Inflations at active volcanoes are indicators of overpressure in the subsurface, which is known to be a phenomenon that precedes eruptions. Volcanic overpressure is induced by the injection of magmatic fluids, accumulated magma, or heat supply from greater depths. Azuma volcano (Japan) has experienced several episodes of volcanic unrest with increases in seismicity at the depth of the hydrothermal system, implying a potential increase in phreatic eruptions. The time series of interferometric synthetic aperture radar data, associated with the unrest episodes occurring in 2014–2015 and 2018–2019, revealed spatiotemporal variations of inflation episodes, centered around Oana crater, the most active fumarole of Azuma volcano. The modeled best-fit geometry of the elongated pressure source for the local deformation has the same dip as the overlying topographic slope direction and angle around Oana crater, suggesting the existence of topography-correlated layered structures within the hydrothermal system. In contrast, the broader deformation associated with the 2014–2015 unrest was explained by the overpressure of a horizontal flat source at 360–1500 m below sea level, showing the similar depth of the top as the conductive low-resistivity or low-viscosity body suggested by previous studies. The unrest episodes were thus interpreted as resulting mainly from the supply of magmatic fluids, or the transfer of heat from greater depths. Our study helps in understanding the shallow structure of this volcanic system and contributes to evaluating the potential for forthcoming eruptions in Azuma volcano.

Graphical Abstract

Evaluating pressure conditions within volcanic systems aids in understanding their potential for eruption. The overpressure in volcanic systems is induced by the accumulation of magma, or the supply of heat, or magmatic fluids from greater depths (Amelung et al. 2000; Feigl et al. 2000). These phenomena are regarded as potential precursors to volcanic eruptions and commonly induce unrests, usually accompanied by seismicity or ground deformations. For phreatic eruptions, subtle and limited precursory seismicity can be detectable (Jolly et al. 2010; Kato et al. 2015) or in some cases, it might be absent (Maeda et al. 2015). Although detecting precursory deformations prior to phreatic eruptions are generally challenging because of small amplitudes or limited spatial extent of the deformation, some studies have succeeded by using interferometric synthetic aperture radar (InSAR) data (Kobayashi et al. 2018; Narita et al. 2020). Revealing the spatial characteristics of ground deformations with a high spatial resolution better constrains the geometry of pressure sources within shallow hydrothermal systems (Hamling et al. 2016; Juncu et al. 2017; Doke et al. 2021; Yunjun et al. 2021). Precise monitoring of ground deformations using InSAR with high spatial resolution is essential for understanding the geometry of subsurface volcanic systems and their pressure conditions.

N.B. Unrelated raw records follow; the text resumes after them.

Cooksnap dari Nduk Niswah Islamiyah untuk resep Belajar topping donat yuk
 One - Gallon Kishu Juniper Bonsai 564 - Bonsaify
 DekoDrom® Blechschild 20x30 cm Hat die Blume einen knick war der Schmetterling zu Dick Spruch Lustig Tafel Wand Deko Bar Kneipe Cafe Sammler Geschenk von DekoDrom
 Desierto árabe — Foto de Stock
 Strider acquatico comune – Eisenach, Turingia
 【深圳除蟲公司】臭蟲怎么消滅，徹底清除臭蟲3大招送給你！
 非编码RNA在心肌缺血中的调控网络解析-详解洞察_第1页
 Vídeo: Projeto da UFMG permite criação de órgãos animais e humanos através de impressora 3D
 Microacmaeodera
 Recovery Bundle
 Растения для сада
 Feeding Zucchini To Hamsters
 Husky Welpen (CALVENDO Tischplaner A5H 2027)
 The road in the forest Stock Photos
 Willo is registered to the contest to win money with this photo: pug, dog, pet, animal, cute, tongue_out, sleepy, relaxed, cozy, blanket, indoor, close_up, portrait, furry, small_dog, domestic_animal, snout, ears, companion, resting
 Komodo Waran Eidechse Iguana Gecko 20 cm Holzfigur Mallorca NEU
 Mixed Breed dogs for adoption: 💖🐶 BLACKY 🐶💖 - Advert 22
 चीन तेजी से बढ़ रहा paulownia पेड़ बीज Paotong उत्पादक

Azuma volcano is one of the active volcanic groups located in northeastern Japan, including West, Central, and East Azuma volcanoes (Fig. 1). Oana crater is the most active fumarole on East Azuma volcano, which is located within the northwest–southeast alignment of pyroclastic cones/craters (Yamamoto 2005). The latest eruption at Oana crater occurred in 1977 and was accompanied by tephra fall and mud ejection (Kawanabe and Ueki 2013).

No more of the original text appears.